■ Raw data:
· · · · · · ·

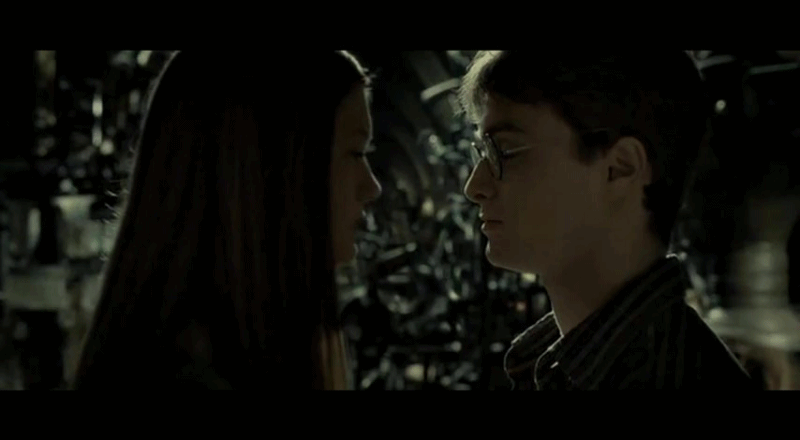 Ginny and Harry kiss scene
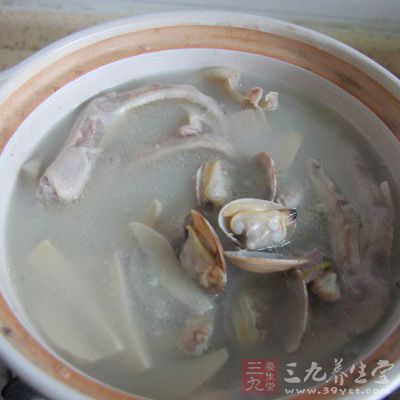 煮至蛤蜊張口，出鍋前加少許鹽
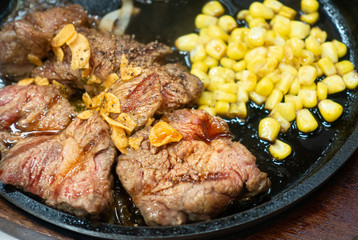 美味しそうなステーキの写真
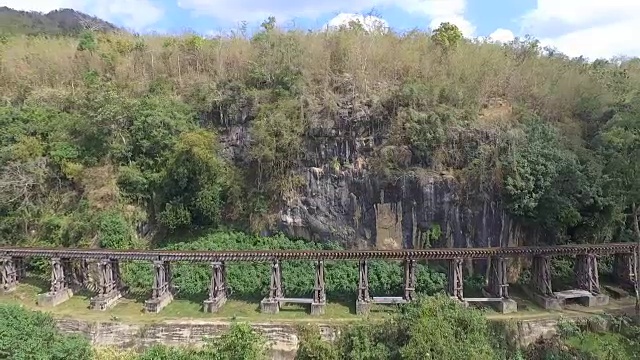 鸟瞰图美丽的风景死亡铁路大桥横跨葵诺河在Krasae洞在泰国北碧府视频素材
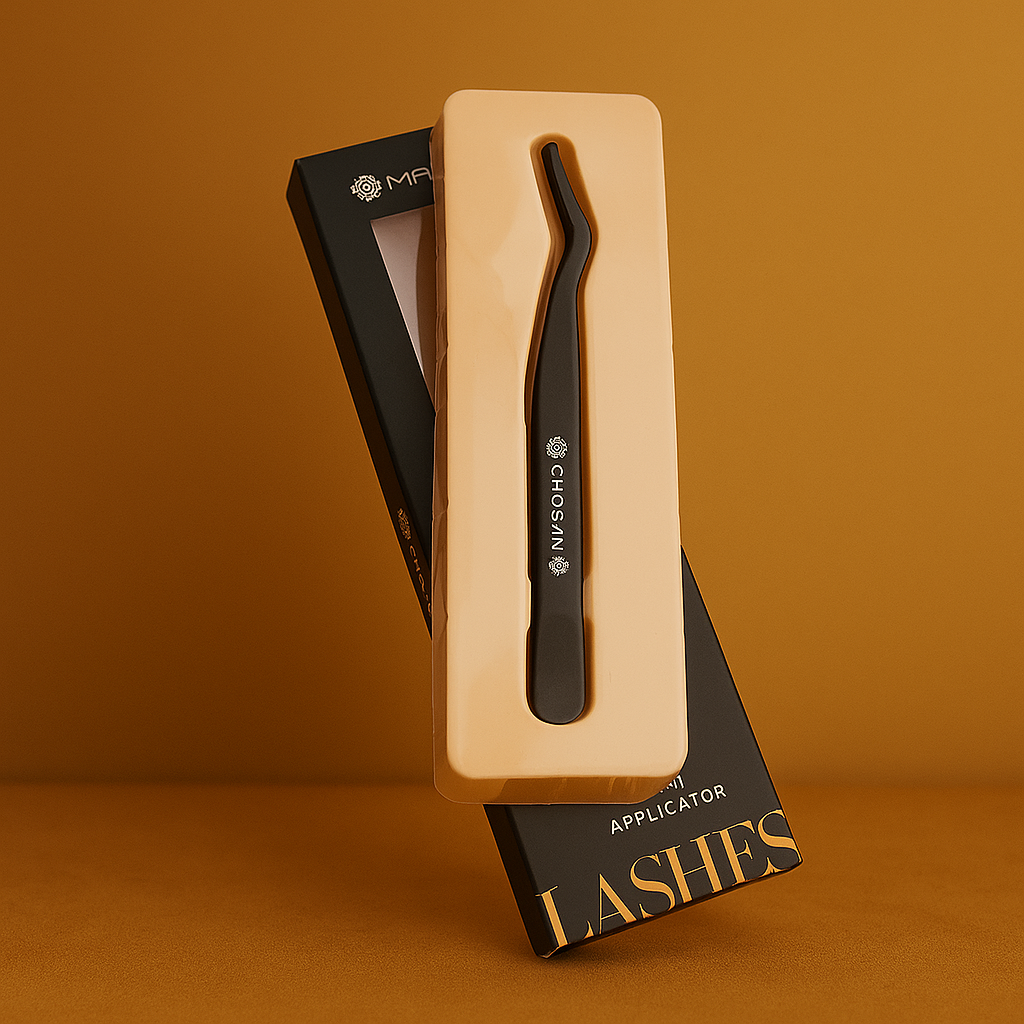 Applicateur de faux cils CHOGAN noir, présenté hors de sa boîte sur fond assorti, prêt à l’emploi pour une pose précise et professionnelle.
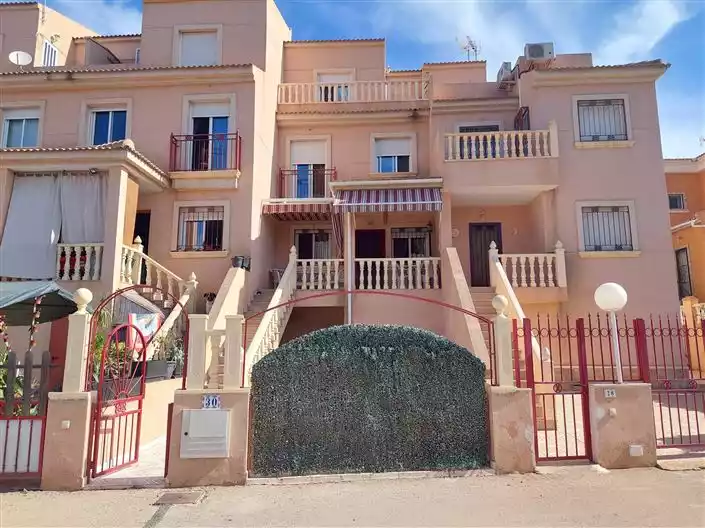 Таунхаус 90м² в Испании, Ориуэла Коста. Стоимостью 199950€ аренда фото-1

· · · · · · ·

■ To do: Be exact. Write out all the entries and omit the pictures.

■ Result:
 Ginny and Harry kiss scene
 煮至蛤蜊張口，出鍋前加少許鹽
 美味しそうなステーキの写真
 鸟瞰图美丽的风景死亡铁路大桥横跨葵诺河在Krasae洞在泰国北碧府视频素材
 Applicateur de faux cils CHOGAN noir, présenté hors de sa boîte sur fond assorti, prêt à l’emploi pour une pose précise et professionnelle.
 Таунхаус 90м² в Испании, Ориуэла Коста. Стоимостью 199950€ аренда фото-1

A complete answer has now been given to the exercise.